_WORK TO COMPLETE_
Whenever a picture appears, leave it out while repeating all the other data exactly.

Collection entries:
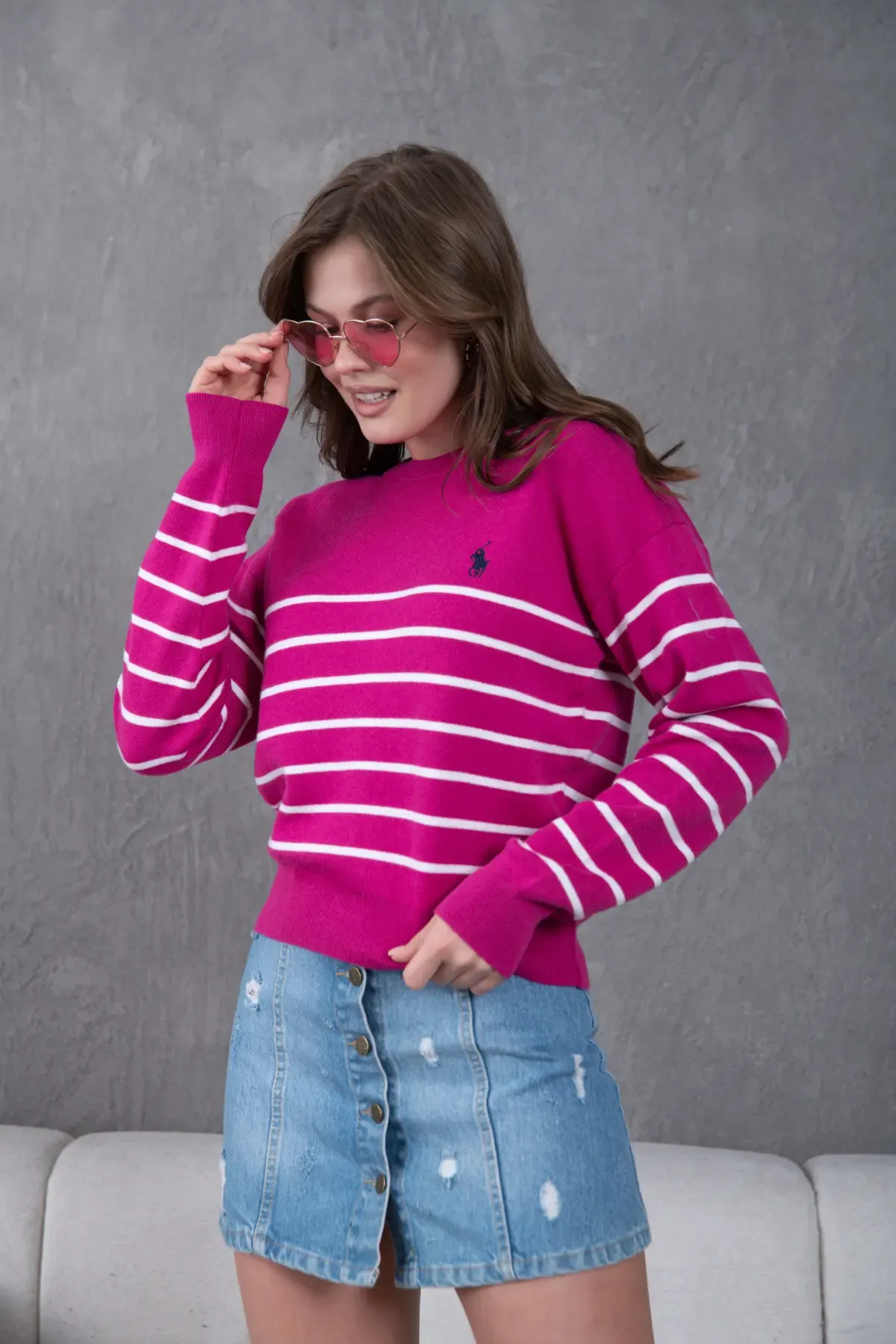 Kadın Bisiklet Yaka Çizgili Premium İplik Triko Kazak 10274.Crs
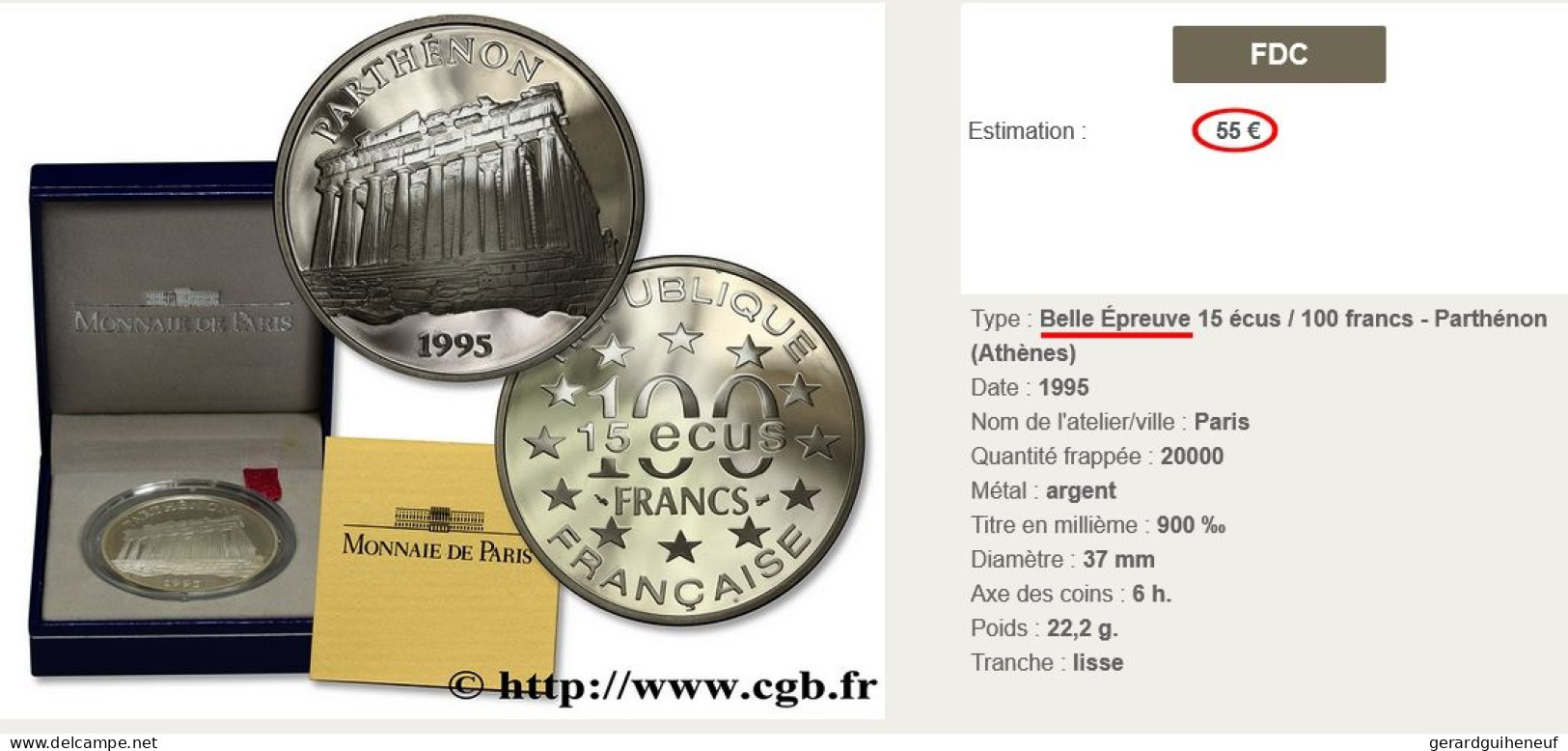 FRANCE : 2 Monnaies 15 Ecus / 100 Francs ARGENT 1995 - Qualité FDC (ou Belle Epreuve) - Vrac - Monnaies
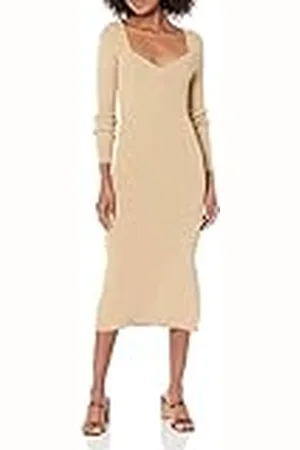 THE DROP Vestido para Mujer, Cameron Midi de Punto Acanalado con Escote Corazón, , XXL Grande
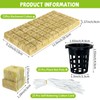72 Pcs 1.2-Inch Rockwool Cubes with Net Cups and Self-Watering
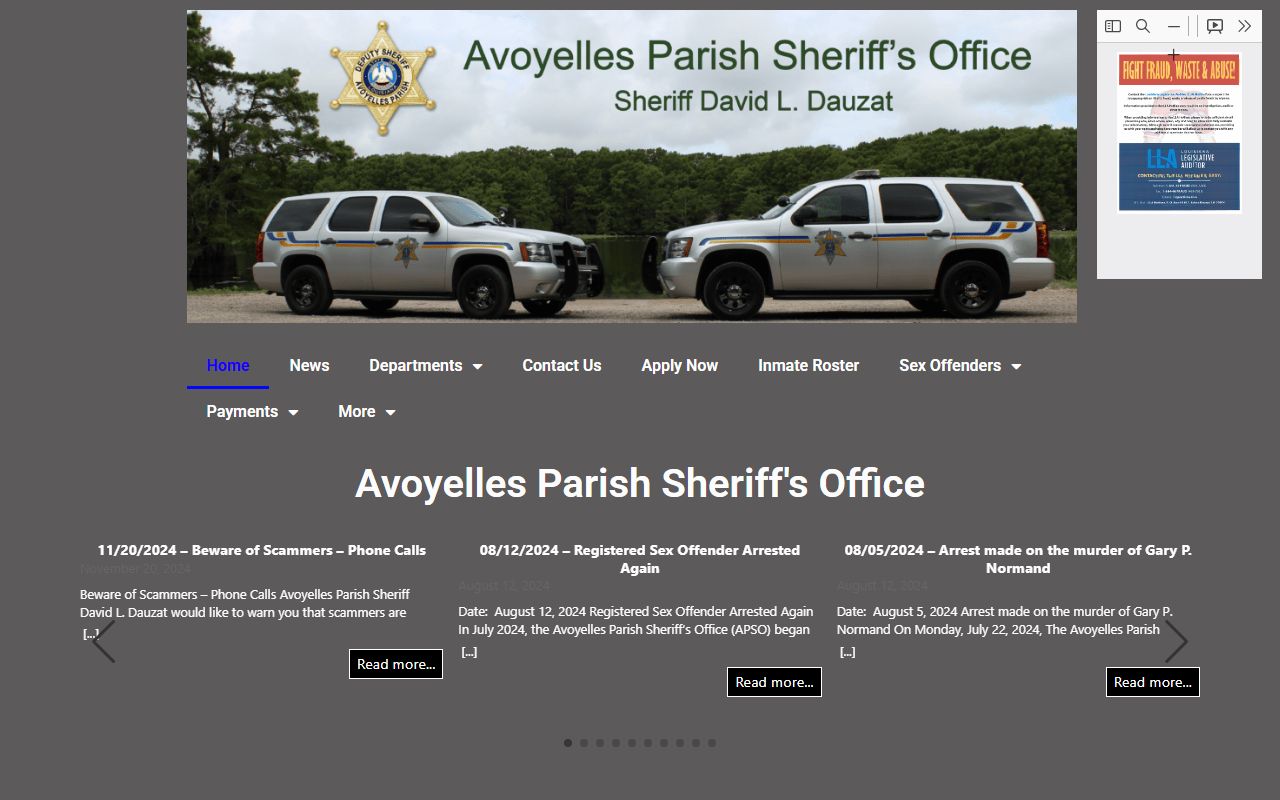 Avoyelles Parish inmate and warrant records Sheriff homepage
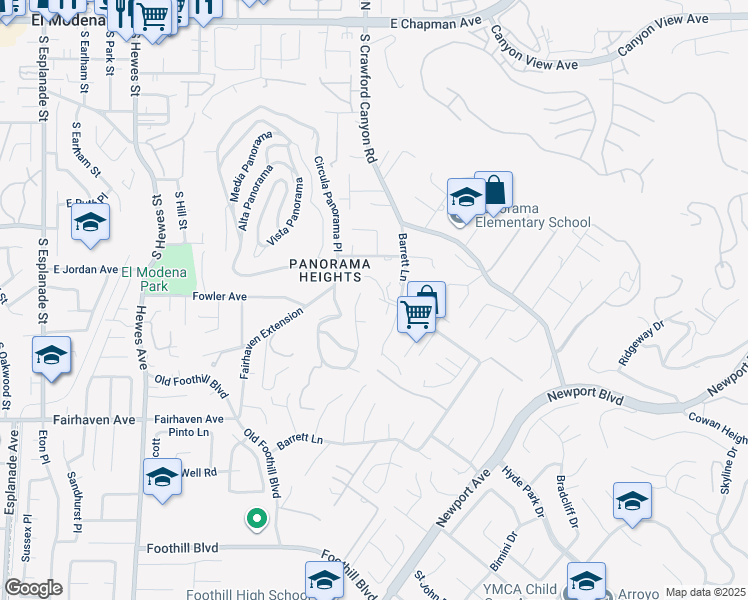 map of restaurants, bars, coffee shops, grocery stores, and more near 12683 Barrett Lane in Santa Ana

_RESULT_
 Kadın Bisiklet Yaka Çizgili Premium İplik Triko Kazak 10274.Crs
 FRANCE : 2 Monnaies 15 Ecus / 100 Francs ARGENT 1995 - Qualité FDC (ou Belle Epreuve) - Vrac - Monnaies
 THE DROP Vestido para Mujer, Cameron Midi de Punto Acanalado con Escote Corazón, , XXL Grande
72 Pcs 1.2-Inch Rockwool Cubes with Net Cups and Self-Watering
 Avoyelles Parish inmate and warrant records Sheriff homepage
 map of restaurants, bars, coffee shops, grocery stores, and more near 12683 Barrett Lane in Santa Ana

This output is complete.